▸ **BRIEF**: Data follows below. Repeat exactly the lines between the line holding "1167 PIERRE AVENUE - 3" and the line holding "قرارات صارمة من", inclusive, and nothing more; drop pictures.

▸ **WORKING DATA**:
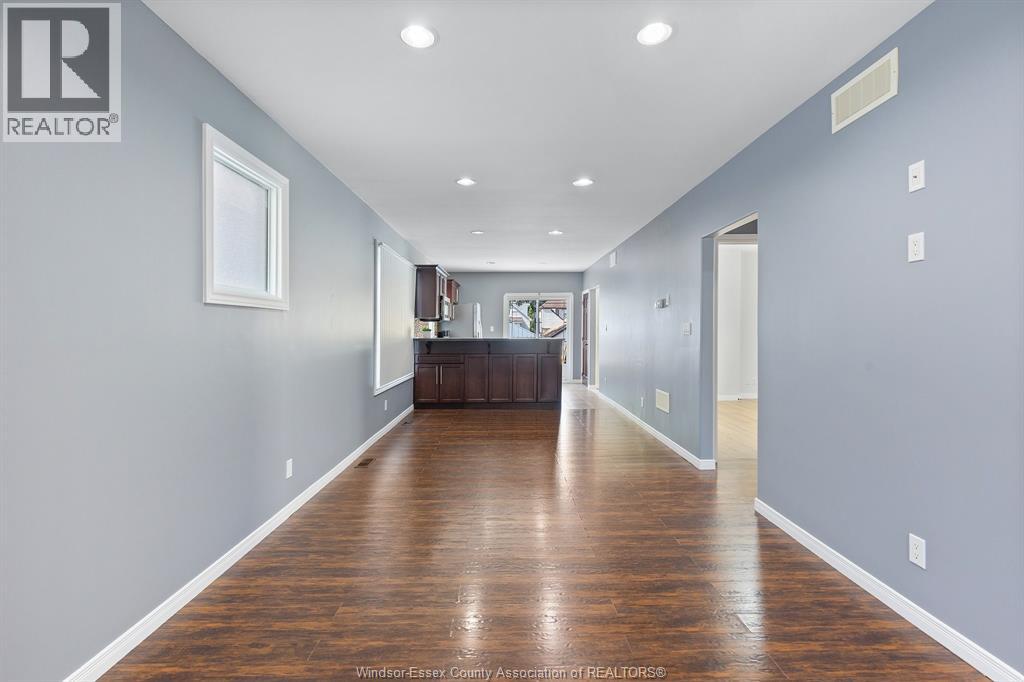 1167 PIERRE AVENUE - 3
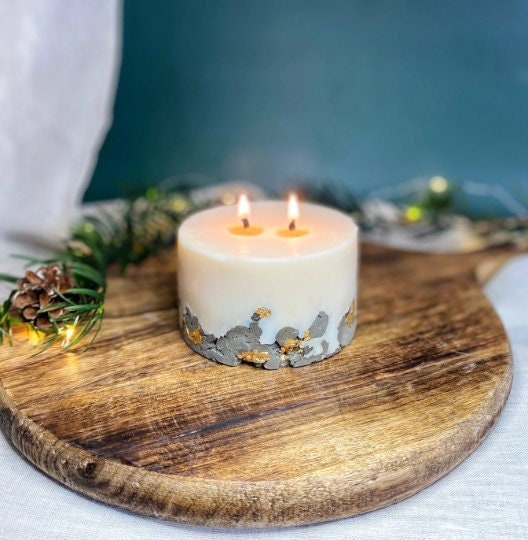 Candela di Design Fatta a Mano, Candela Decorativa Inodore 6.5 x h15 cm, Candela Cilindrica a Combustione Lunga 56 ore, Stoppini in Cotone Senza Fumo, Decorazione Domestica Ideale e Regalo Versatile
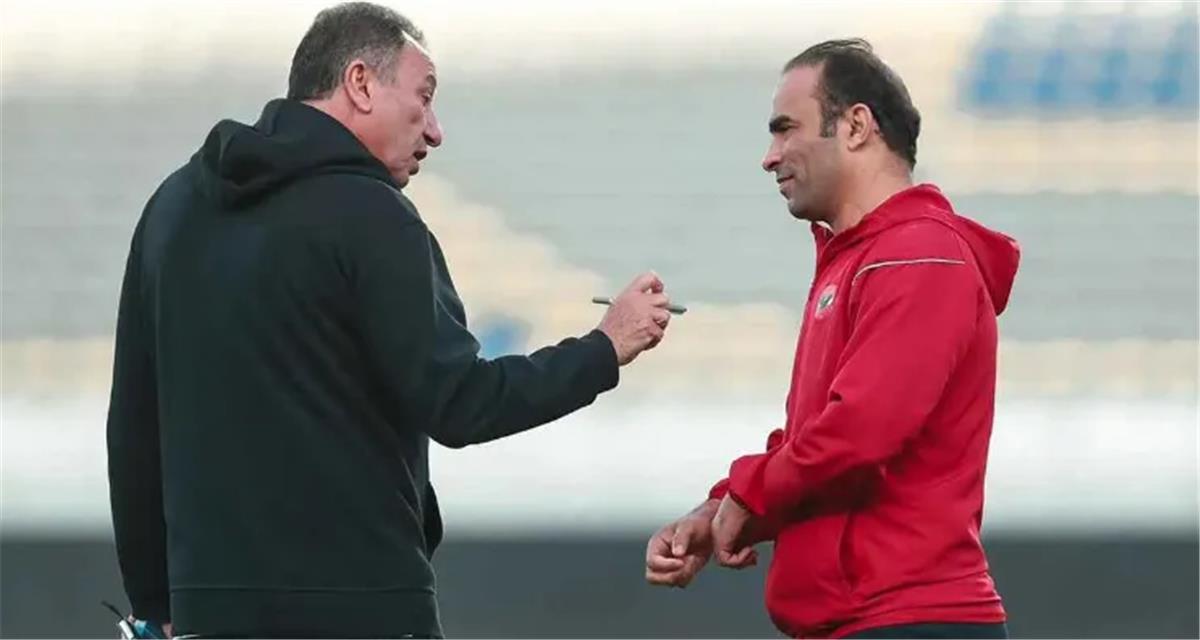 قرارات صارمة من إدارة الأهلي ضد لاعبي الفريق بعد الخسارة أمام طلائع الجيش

...

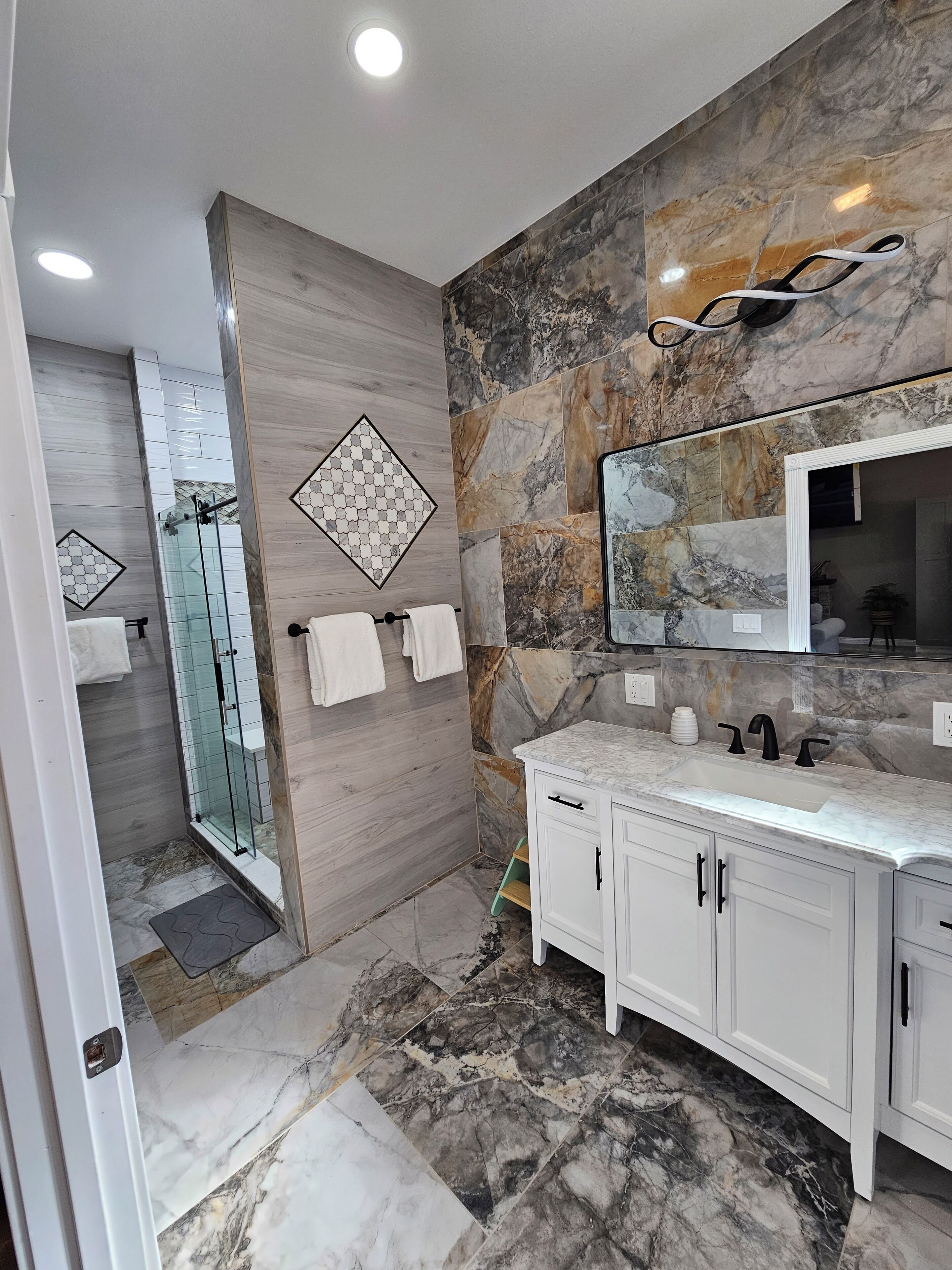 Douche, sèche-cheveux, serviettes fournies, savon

▸ **REPLY TO THE TASK**:
 1167 PIERRE AVENUE - 3
 Candela di Design Fatta a Mano, Candela Decorativa Inodore 6.5 x h15 cm, Candela Cilindrica a Combustione Lunga 56 ore, Stoppini in Cotone Senza Fumo, Decorazione Domestica Ideale e Regalo Versatile
 قرارات صارمة من إدارة الأهلي ضد لاعبي الفريق بعد الخسارة أمام طلائع الجيش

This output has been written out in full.